* [About this task]
From the listing below, copy only the lines from the line that contains "The concept of" to the line that contains "Boy writing on paper", counting those two lines as part of the copy.

* [Supplied material]
● ● ● ● ●

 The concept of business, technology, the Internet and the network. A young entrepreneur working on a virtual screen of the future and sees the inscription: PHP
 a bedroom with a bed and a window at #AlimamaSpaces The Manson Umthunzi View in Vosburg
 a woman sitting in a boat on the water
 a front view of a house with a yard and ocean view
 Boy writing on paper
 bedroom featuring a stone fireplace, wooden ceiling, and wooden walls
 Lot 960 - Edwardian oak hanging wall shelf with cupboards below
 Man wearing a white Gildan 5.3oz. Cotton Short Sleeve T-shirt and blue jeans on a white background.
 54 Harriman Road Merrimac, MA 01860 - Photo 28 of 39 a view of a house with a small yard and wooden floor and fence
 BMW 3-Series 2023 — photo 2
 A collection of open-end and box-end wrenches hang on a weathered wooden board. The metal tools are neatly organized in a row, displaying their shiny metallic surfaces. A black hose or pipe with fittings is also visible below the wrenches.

● ● ● ● ●

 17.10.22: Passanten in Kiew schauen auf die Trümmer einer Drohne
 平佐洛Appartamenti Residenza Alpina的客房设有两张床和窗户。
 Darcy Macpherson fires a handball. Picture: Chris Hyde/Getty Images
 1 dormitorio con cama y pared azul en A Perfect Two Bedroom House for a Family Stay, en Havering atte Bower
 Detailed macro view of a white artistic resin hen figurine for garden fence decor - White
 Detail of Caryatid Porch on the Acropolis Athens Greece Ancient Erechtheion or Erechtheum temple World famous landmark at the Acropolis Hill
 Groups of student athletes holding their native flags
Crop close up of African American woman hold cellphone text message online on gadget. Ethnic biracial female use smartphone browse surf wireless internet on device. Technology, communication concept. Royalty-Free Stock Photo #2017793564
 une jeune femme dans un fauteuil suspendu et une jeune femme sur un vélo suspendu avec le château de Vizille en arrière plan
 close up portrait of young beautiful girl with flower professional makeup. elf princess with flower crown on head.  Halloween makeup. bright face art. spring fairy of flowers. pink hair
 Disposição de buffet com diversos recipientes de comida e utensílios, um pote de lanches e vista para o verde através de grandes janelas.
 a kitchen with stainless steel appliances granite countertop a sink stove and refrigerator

● ● ● ● ●

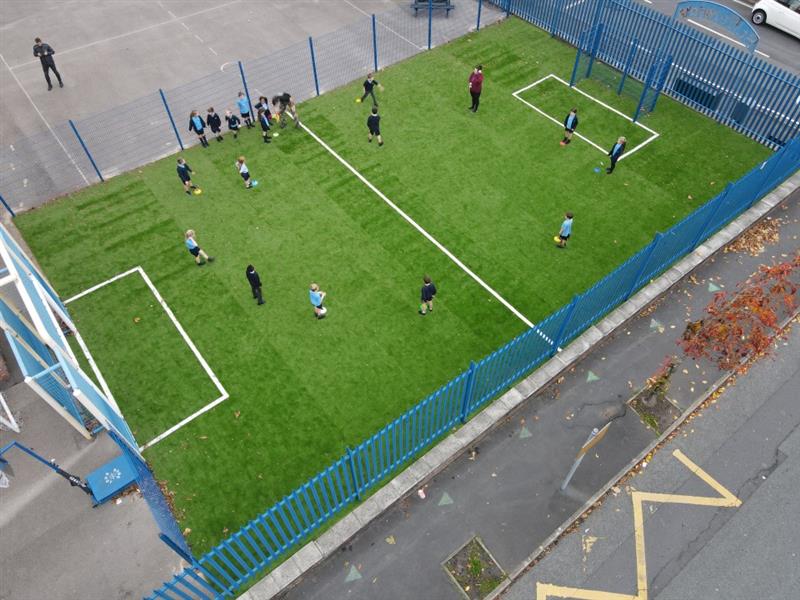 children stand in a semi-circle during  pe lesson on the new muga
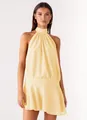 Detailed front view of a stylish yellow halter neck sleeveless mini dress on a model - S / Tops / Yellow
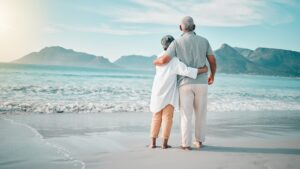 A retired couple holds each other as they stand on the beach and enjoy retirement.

● ● ● ● ●

* [Solution to this problem]
 The concept of business, technology, the Internet and the network. A young entrepreneur working on a virtual screen of the future and sees the inscription: PHP
 a bedroom with a bed and a window at #AlimamaSpaces The Manson Umthunzi View in Vosburg
 a woman sitting in a boat on the water
 a front view of a house with a yard and ocean view
 Boy writing on paper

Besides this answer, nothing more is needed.